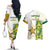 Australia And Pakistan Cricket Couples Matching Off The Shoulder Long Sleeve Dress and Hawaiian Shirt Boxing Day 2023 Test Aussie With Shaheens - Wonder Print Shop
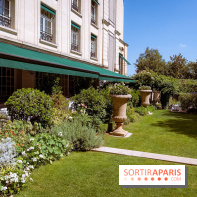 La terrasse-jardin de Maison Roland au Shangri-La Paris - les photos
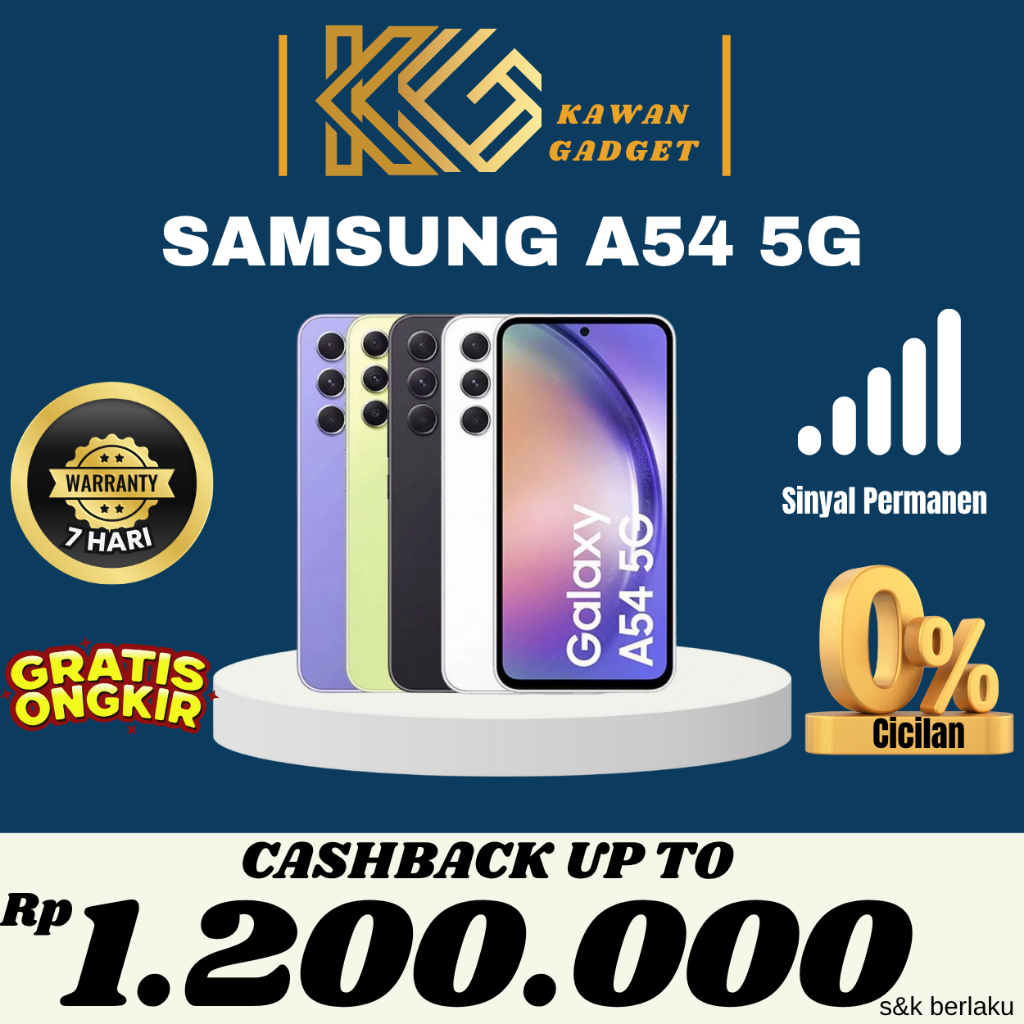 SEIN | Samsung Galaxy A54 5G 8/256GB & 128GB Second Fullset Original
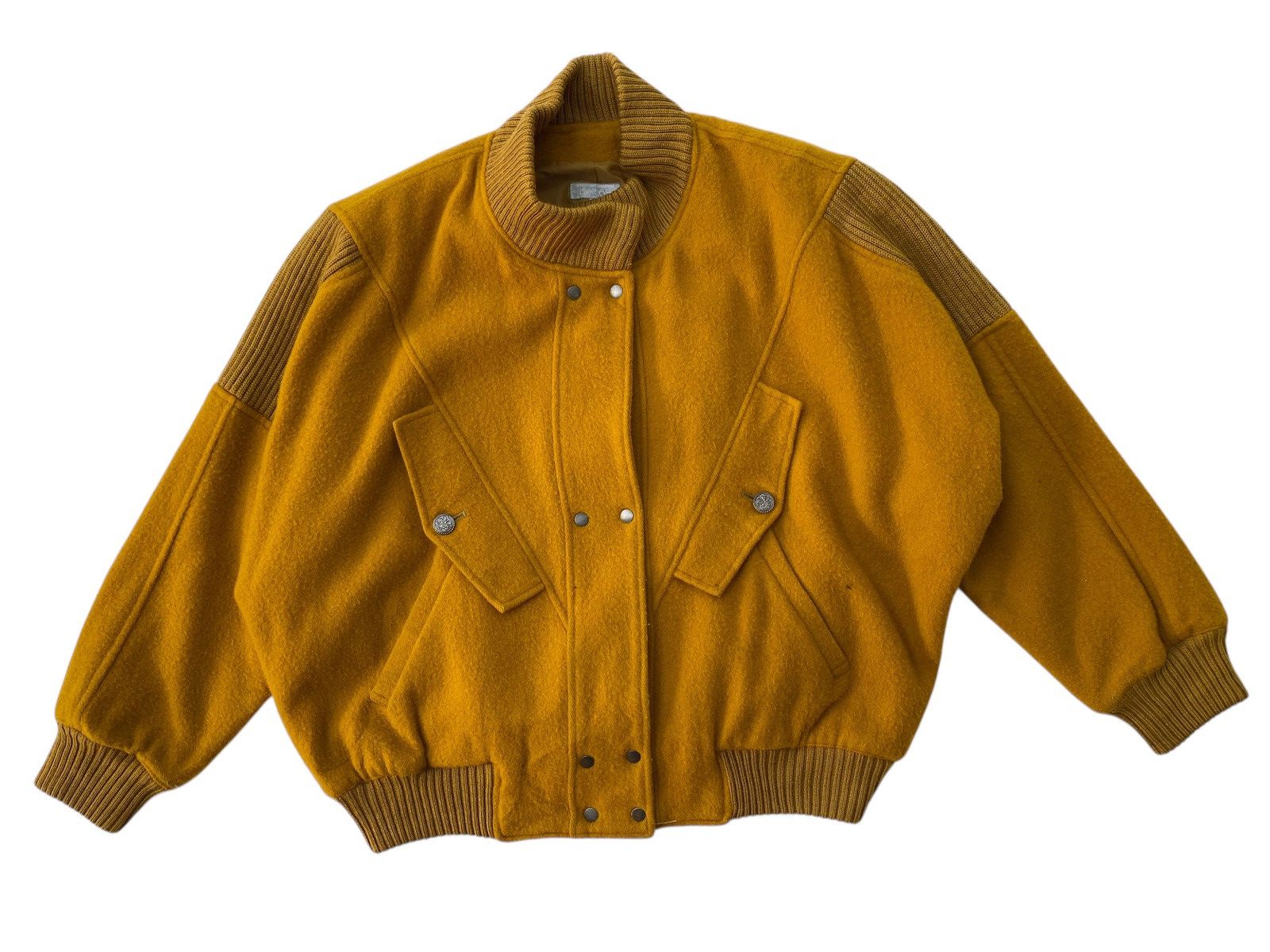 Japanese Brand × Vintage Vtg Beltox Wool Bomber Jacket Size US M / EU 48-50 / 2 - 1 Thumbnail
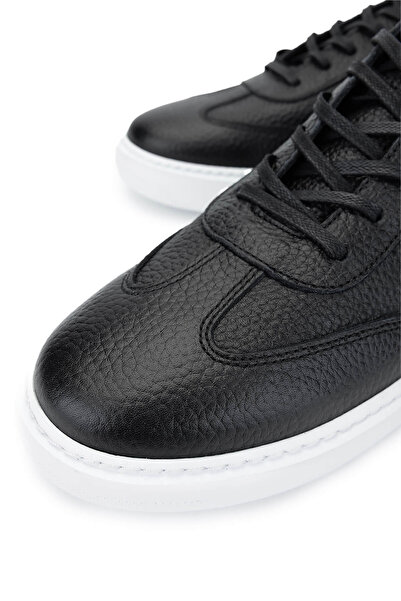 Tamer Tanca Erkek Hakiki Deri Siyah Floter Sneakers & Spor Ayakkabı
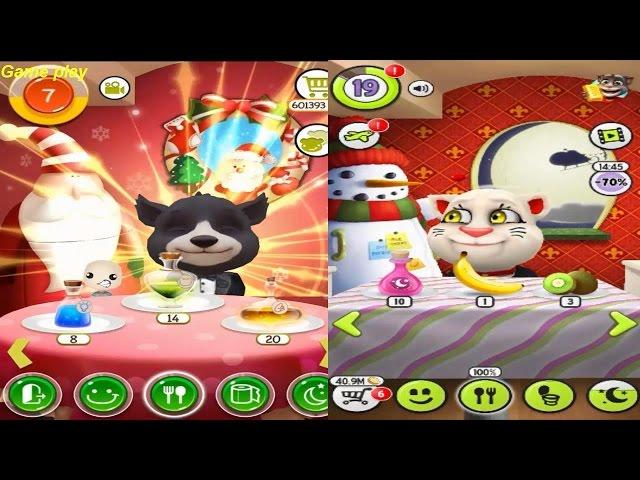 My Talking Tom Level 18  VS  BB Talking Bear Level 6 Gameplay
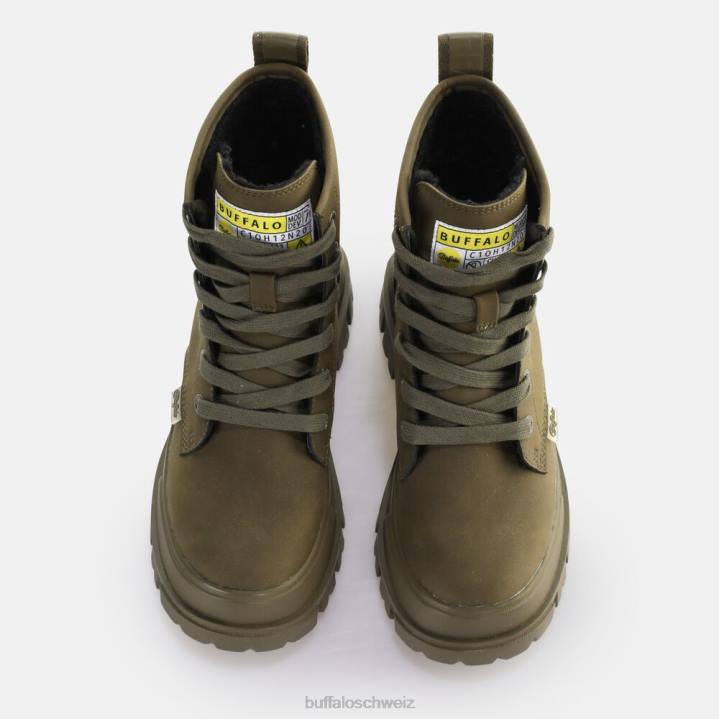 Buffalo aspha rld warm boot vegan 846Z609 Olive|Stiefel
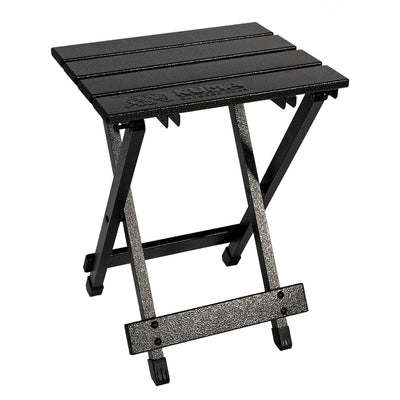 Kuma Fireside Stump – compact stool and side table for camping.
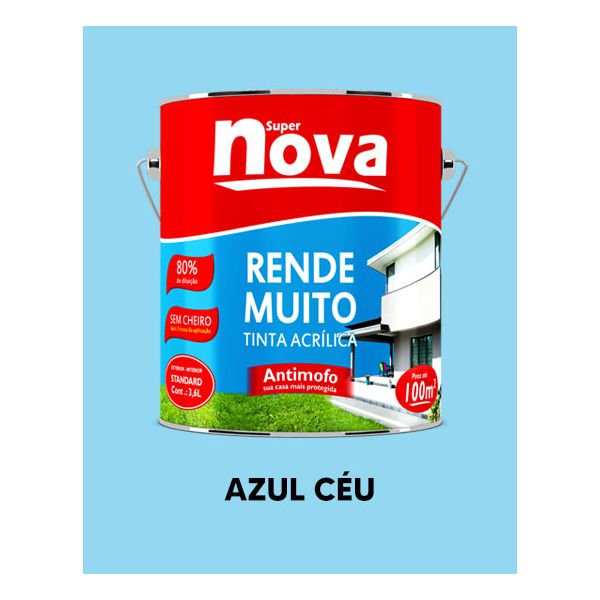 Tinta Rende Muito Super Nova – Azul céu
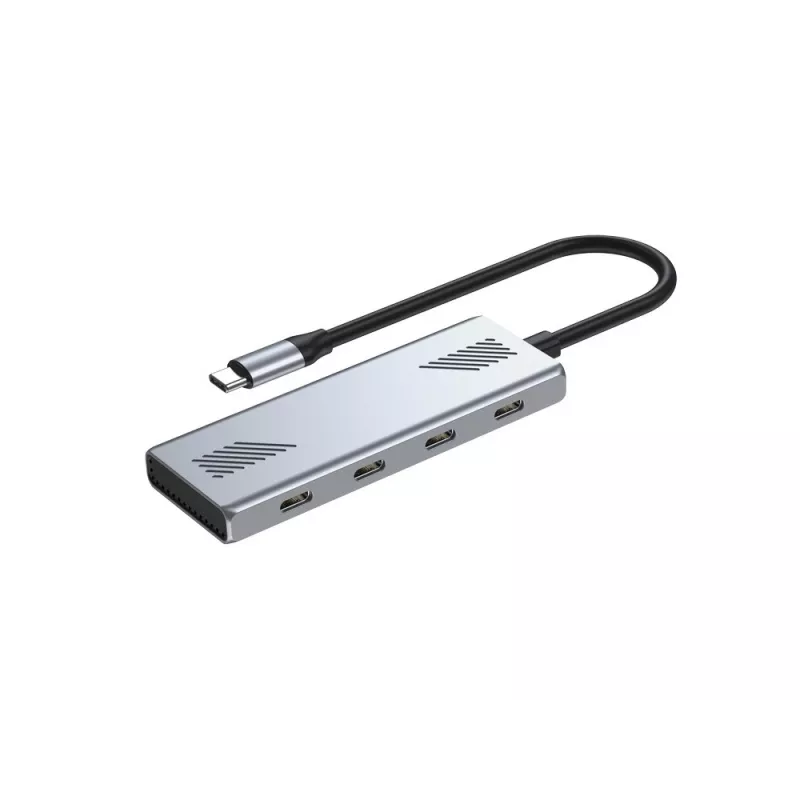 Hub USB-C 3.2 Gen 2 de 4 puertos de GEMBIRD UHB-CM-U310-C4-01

-- Your objective --
Where pictures appear, omit them, and transcribe exactly, with nothing else, the lines from the line with "Tinta Rende Muito Super Nova – Azul céu" through the final line of the records above, both ends included.

-- Completed exercise --
 Tinta Rende Muito Super Nova – Azul céu
 Hub USB-C 3.2 Gen 2 de 4 puertos de GEMBIRD UHB-CM-U310-C4-01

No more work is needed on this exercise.